**What the task asks**
Copy out every line of the data exactly; do not include the images.

**Dataset extract**
▼

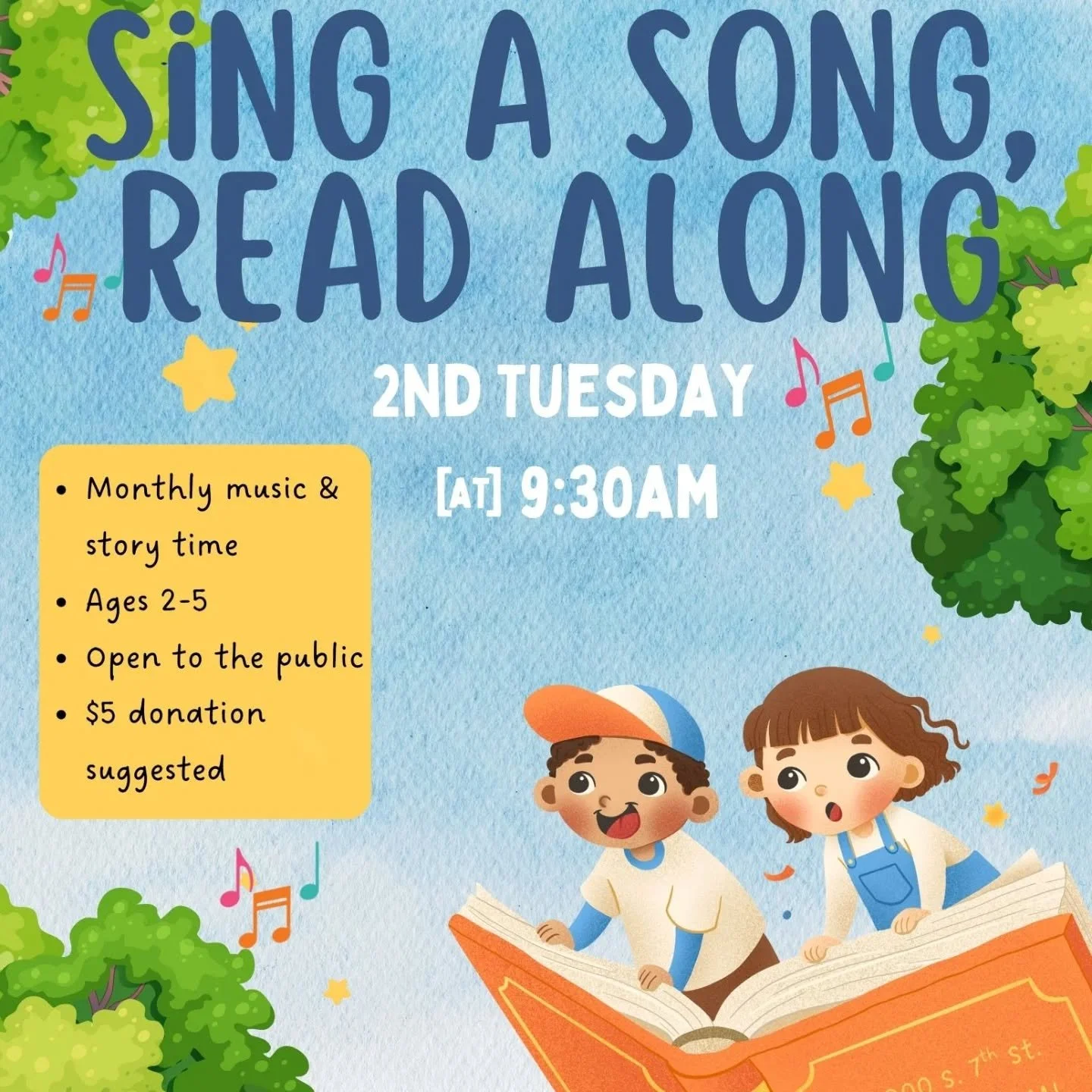 Join us TOMORROW, Dec 9th for our monthly series, Sing A Song, Read Along. Led by our amazing Ms Bowman , it's a great time and open to the public. Bring your friends, ages 2-5 (and their caregivers!) . See you soon for our next adventure! 🦖👩🏻&zwj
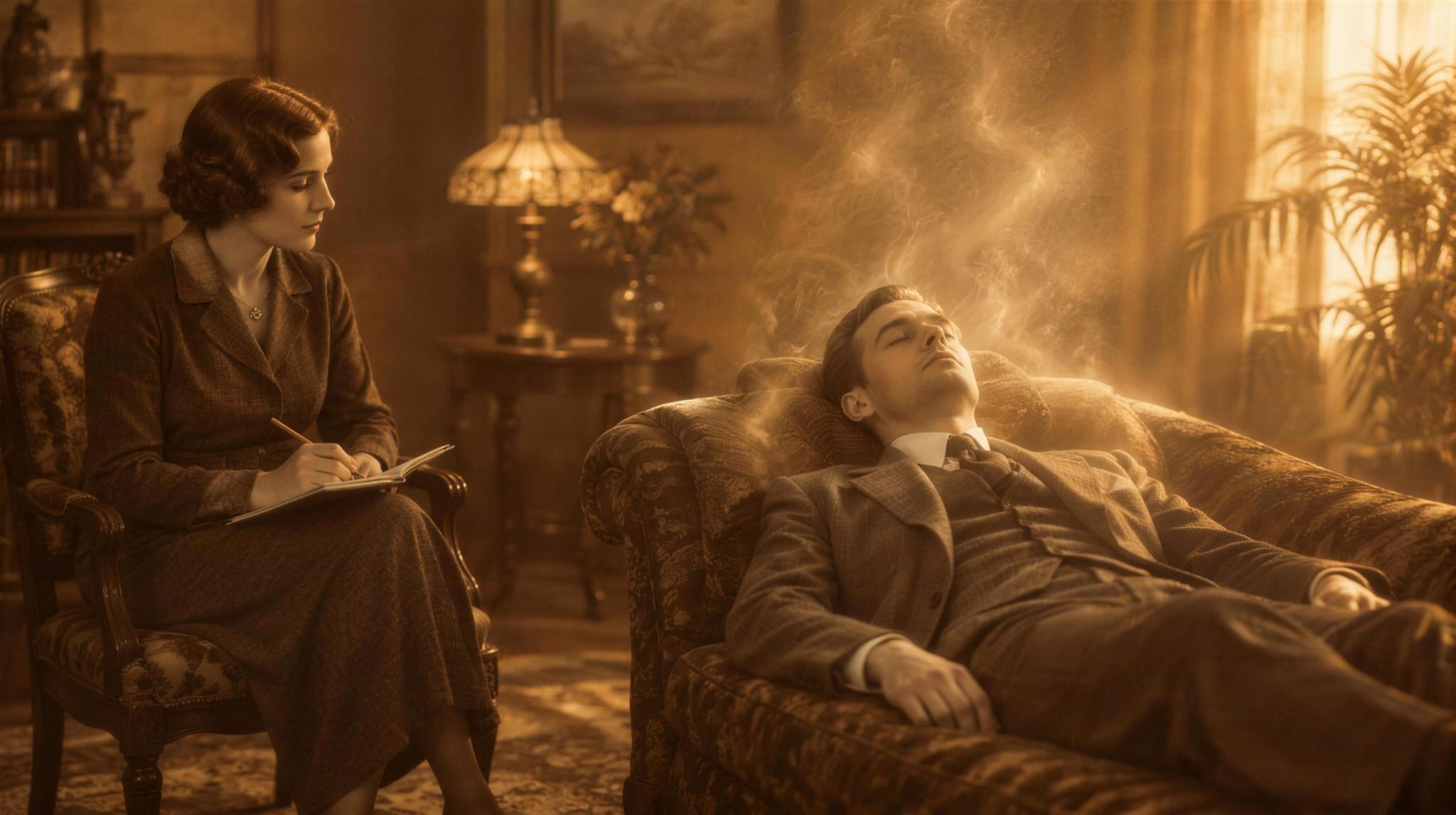 A vintage sepia room where a man rests with closed eyes on a couch in deep trance while an assistant takes notes, evoking Edgar Cayce's readings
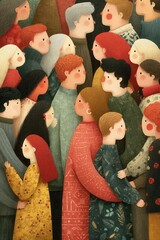 Crowd of diverse individuals in vibrant artistic depiction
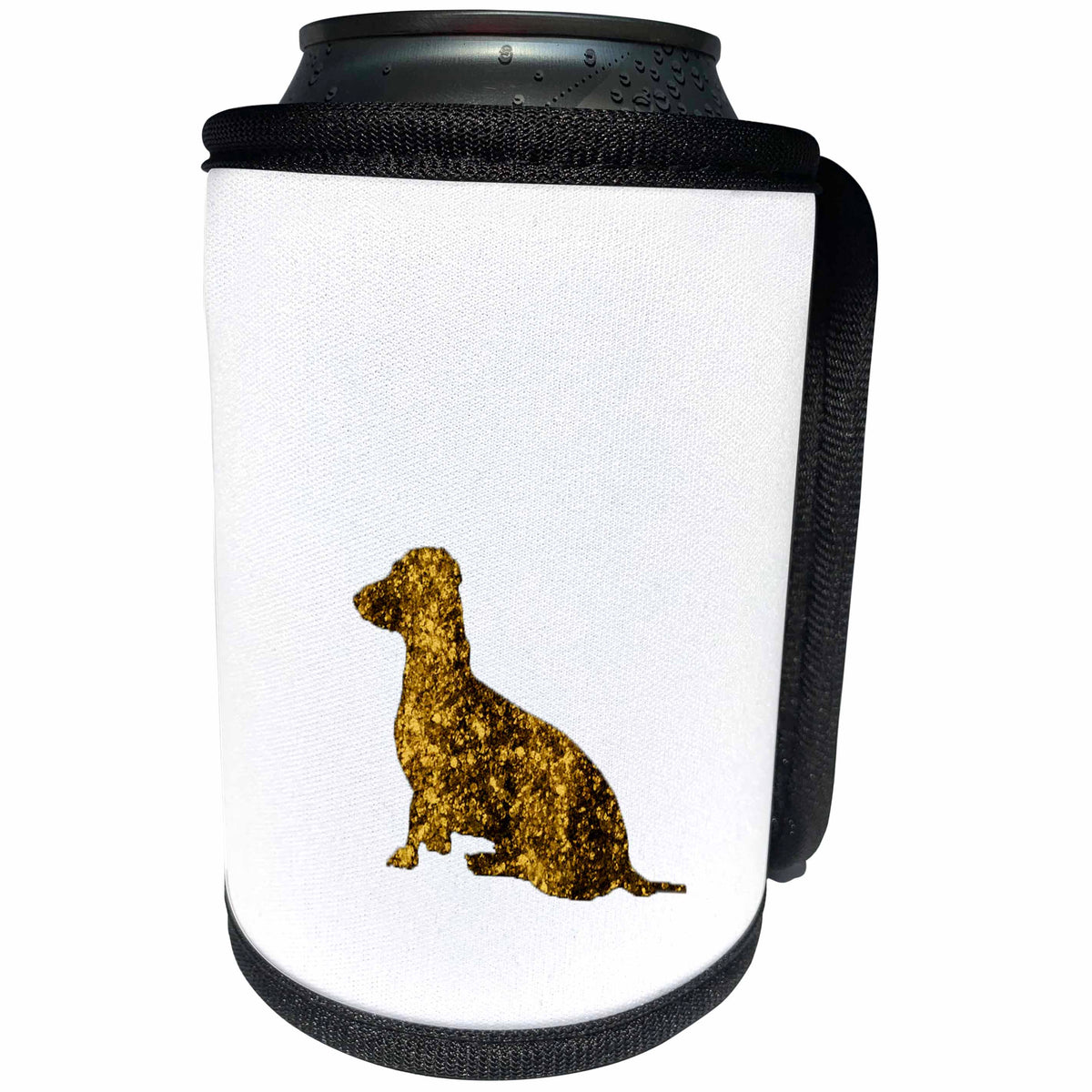 3dRose Uta Naumann Faux Glitter Pattern - Glittery Sitting Dachshund On White Background - Can Cooler Bottle Wrap (cc_266889)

▲

**Task response**
 Join us TOMORROW, Dec 9th for our monthly series, Sing A Song, Read Along. Led by our amazing Ms Bowman , it's a great time and open to the public. Bring your friends, ages 2-5 (and their caregivers!) . See you soon for our next adventure! 🦖👩🏻&zwj
 A vintage sepia room where a man rests with closed eyes on a couch in deep trance while an assistant takes notes, evoking Edgar Cayce's readings
 Crowd of diverse individuals in vibrant artistic depiction
 3dRose Uta Naumann Faux Glitter Pattern - Glittery Sitting Dachshund On White Background - Can Cooler Bottle Wrap (cc_266889)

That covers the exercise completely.